[Stored entries]
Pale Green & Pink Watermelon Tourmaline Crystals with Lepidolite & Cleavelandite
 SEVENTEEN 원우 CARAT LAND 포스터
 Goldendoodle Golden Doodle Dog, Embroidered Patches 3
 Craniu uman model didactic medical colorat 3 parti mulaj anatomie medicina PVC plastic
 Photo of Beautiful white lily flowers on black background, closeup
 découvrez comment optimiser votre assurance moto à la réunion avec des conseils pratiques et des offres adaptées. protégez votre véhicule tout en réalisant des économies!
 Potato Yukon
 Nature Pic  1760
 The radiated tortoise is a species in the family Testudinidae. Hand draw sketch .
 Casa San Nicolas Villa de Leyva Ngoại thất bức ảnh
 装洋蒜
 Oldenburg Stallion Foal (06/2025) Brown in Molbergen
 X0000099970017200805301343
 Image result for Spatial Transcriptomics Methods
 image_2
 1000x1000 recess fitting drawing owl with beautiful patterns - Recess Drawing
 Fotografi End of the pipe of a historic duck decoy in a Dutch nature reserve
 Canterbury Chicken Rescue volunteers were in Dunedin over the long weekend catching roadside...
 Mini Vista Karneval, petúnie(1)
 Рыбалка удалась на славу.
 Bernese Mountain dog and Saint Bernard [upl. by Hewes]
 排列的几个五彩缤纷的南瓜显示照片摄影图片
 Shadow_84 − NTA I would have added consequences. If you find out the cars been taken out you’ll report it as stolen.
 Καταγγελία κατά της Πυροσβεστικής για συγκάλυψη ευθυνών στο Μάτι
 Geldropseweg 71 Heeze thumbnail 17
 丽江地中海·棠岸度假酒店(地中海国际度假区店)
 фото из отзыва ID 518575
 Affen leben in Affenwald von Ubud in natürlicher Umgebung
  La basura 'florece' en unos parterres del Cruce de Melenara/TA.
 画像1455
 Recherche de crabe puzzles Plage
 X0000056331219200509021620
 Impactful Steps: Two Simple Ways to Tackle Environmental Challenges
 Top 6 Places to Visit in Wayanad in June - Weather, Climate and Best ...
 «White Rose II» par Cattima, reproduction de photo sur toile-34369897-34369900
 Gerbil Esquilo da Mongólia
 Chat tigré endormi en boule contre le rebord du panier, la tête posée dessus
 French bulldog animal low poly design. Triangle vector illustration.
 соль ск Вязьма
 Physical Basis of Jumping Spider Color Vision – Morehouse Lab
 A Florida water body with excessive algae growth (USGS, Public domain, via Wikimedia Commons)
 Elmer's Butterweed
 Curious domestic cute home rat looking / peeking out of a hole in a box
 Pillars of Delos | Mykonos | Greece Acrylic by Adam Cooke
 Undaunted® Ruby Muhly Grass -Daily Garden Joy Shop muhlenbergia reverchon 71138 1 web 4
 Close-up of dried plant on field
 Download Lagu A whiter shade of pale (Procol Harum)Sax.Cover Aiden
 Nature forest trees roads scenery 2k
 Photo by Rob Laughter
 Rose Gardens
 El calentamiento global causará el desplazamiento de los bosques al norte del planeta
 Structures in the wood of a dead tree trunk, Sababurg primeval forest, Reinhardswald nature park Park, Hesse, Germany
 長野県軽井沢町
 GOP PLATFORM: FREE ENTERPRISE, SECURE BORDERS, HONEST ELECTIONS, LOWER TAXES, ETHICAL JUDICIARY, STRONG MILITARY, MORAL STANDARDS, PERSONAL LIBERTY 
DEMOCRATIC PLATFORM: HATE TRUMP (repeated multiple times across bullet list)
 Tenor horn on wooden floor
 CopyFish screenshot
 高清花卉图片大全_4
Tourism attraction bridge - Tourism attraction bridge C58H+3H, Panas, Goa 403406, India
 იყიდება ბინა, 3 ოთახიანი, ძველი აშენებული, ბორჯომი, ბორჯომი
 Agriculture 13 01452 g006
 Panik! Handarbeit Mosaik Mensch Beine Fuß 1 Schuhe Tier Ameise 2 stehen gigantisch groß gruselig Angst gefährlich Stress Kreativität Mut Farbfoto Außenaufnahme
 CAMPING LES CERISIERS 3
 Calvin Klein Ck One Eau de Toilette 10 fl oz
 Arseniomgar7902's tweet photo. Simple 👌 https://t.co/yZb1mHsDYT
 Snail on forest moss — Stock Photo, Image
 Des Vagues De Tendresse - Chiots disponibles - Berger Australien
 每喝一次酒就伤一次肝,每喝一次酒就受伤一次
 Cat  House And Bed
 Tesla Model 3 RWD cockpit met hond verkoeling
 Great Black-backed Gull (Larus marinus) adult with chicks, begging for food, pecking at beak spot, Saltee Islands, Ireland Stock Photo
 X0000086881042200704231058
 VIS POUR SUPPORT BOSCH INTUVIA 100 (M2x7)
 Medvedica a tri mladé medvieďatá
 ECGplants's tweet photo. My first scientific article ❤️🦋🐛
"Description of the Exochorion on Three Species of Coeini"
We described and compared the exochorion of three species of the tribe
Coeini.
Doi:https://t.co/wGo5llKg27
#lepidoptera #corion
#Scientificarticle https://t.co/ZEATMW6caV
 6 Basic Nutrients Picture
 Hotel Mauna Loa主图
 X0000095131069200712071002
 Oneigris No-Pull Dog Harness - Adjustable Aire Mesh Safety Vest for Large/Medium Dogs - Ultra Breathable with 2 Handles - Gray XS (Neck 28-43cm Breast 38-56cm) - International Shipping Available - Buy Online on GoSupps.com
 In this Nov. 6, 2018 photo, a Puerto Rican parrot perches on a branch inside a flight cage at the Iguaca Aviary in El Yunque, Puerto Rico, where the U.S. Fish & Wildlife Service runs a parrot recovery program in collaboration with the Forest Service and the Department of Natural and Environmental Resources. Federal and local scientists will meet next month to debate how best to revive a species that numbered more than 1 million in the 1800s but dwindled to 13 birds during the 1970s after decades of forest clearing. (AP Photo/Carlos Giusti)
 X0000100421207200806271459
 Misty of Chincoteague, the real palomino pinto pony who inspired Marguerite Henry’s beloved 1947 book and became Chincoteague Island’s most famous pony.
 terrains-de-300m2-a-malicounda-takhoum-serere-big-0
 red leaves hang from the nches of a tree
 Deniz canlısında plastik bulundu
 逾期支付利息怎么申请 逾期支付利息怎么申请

Work to complete: Transcribe the records exactly as they appear.

Solution to this task:
Pale Green & Pink Watermelon Tourmaline Crystals with Lepidolite & Cleavelandite
 SEVENTEEN 원우 CARAT LAND 포스터
 Goldendoodle Golden Doodle Dog, Embroidered Patches 3
 Craniu uman model didactic medical colorat 3 parti mulaj anatomie medicina PVC plastic
 Photo of Beautiful white lily flowers on black background, closeup
 découvrez comment optimiser votre assurance moto à la réunion avec des conseils pratiques et des offres adaptées. protégez votre véhicule tout en réalisant des économies!
 Potato Yukon
 Nature Pic  1760
 The radiated tortoise is a species in the family Testudinidae. Hand draw sketch .
 Casa San Nicolas Villa de Leyva Ngoại thất bức ảnh
 装洋蒜
 Oldenburg Stallion Foal (06/2025) Brown in Molbergen
 X0000099970017200805301343
 Image result for Spatial Transcriptomics Methods
 image_2
 1000x1000 recess fitting drawing owl with beautiful patterns - Recess Drawing
 Fotografi End of the pipe of a historic duck decoy in a Dutch nature reserve
 Canterbury Chicken Rescue volunteers were in Dunedin over the long weekend catching roadside...
 Mini Vista Karneval, petúnie(1)
 Рыбалка удалась на славу.
 Bernese Mountain dog and Saint Bernard [upl. by Hewes]
 排列的几个五彩缤纷的南瓜显示照片摄影图片
 Shadow_84 − NTA I would have added consequences. If you find out the cars been taken out you’ll report it as stolen.
 Καταγγελία κατά της Πυροσβεστικής για συγκάλυψη ευθυνών στο Μάτι
 Geldropseweg 71 Heeze thumbnail 17
 丽江地中海·棠岸度假酒店(地中海国际度假区店)
 фото из отзыва ID 518575
 Affen leben in Affenwald von Ubud in natürlicher Umgebung
  La basura 'florece' en unos parterres del Cruce de Melenara/TA.
 画像1455
 Recherche de crabe puzzles Plage
 X0000056331219200509021620
 Impactful Steps: Two Simple Ways to Tackle Environmental Challenges
 Top 6 Places to Visit in Wayanad in June - Weather, Climate and Best ...
 «White Rose II» par Cattima, reproduction de photo sur toile-34369897-34369900
 Gerbil Esquilo da Mongólia
 Chat tigré endormi en boule contre le rebord du panier, la tête posée dessus
 French bulldog animal low poly design. Triangle vector illustration.
 соль ск Вязьма
 Physical Basis of Jumping Spider Color Vision – Morehouse Lab
 A Florida water body with excessive algae growth (USGS, Public domain, via Wikimedia Commons)
 Elmer's Butterweed
 Curious domestic cute home rat looking / peeking out of a hole in a box
 Pillars of Delos | Mykonos | Greece Acrylic by Adam Cooke
 Undaunted® Ruby Muhly Grass -Daily Garden Joy Shop muhlenbergia reverchon 71138 1 web 4
 Close-up of dried plant on field
 Download Lagu A whiter shade of pale (Procol Harum)Sax.Cover Aiden
 Nature forest trees roads scenery 2k
 Photo by Rob Laughter
 Rose Gardens
 El calentamiento global causará el desplazamiento de los bosques al norte del planeta
 Structures in the wood of a dead tree trunk, Sababurg primeval forest, Reinhardswald nature park Park, Hesse, Germany
 長野県軽井沢町
 GOP PLATFORM: FREE ENTERPRISE, SECURE BORDERS, HONEST ELECTIONS, LOWER TAXES, ETHICAL JUDICIARY, STRONG MILITARY, MORAL STANDARDS, PERSONAL LIBERTY 
DEMOCRATIC PLATFORM: HATE TRUMP (repeated multiple times across bullet list)
 Tenor horn on wooden floor
 CopyFish screenshot
 高清花卉图片大全_4
Tourism attraction bridge - Tourism attraction bridge C58H+3H, Panas, Goa 403406, India
 იყიდება ბინა, 3 ოთახიანი, ძველი აშენებული, ბორჯომი, ბორჯომი
 Agriculture 13 01452 g006
 Panik! Handarbeit Mosaik Mensch Beine Fuß 1 Schuhe Tier Ameise 2 stehen gigantisch groß gruselig Angst gefährlich Stress Kreativität Mut Farbfoto Außenaufnahme
 CAMPING LES CERISIERS 3
 Calvin Klein Ck One Eau de Toilette 10 fl oz
 Arseniomgar7902's tweet photo. Simple 👌 https://t.co/yZb1mHsDYT
 Snail on forest moss — Stock Photo, Image
 Des Vagues De Tendresse - Chiots disponibles - Berger Australien
 每喝一次酒就伤一次肝,每喝一次酒就受伤一次
 Cat  House And Bed
 Tesla Model 3 RWD cockpit met hond verkoeling
 Great Black-backed Gull (Larus marinus) adult with chicks, begging for food, pecking at beak spot, Saltee Islands, Ireland Stock Photo
 X0000086881042200704231058
 VIS POUR SUPPORT BOSCH INTUVIA 100 (M2x7)
 Medvedica a tri mladé medvieďatá
 ECGplants's tweet photo. My first scientific article ❤️🦋🐛
"Description of the Exochorion on Three Species of Coeini"
We described and compared the exochorion of three species of the tribe
Coeini.
Doi:https://t.co/wGo5llKg27
#lepidoptera #corion
#Scientificarticle https://t.co/ZEATMW6caV
 6 Basic Nutrients Picture
 Hotel Mauna Loa主图
 X0000095131069200712071002
 Oneigris No-Pull Dog Harness - Adjustable Aire Mesh Safety Vest for Large/Medium Dogs - Ultra Breathable with 2 Handles - Gray XS (Neck 28-43cm Breast 38-56cm) - International Shipping Available - Buy Online on GoSupps.com
 In this Nov. 6, 2018 photo, a Puerto Rican parrot perches on a branch inside a flight cage at the Iguaca Aviary in El Yunque, Puerto Rico, where the U.S. Fish & Wildlife Service runs a parrot recovery program in collaboration with the Forest Service and the Department of Natural and Environmental Resources. Federal and local scientists will meet next month to debate how best to revive a species that numbered more than 1 million in the 1800s but dwindled to 13 birds during the 1970s after decades of forest clearing. (AP Photo/Carlos Giusti)
 X0000100421207200806271459
 Misty of Chincoteague, the real palomino pinto pony who inspired Marguerite Henry’s beloved 1947 book and became Chincoteague Island’s most famous pony.
 terrains-de-300m2-a-malicounda-takhoum-serere-big-0
 red leaves hang from the nches of a tree
 Deniz canlısında plastik bulundu
 逾期支付利息怎么申请 逾期支付利息怎么申请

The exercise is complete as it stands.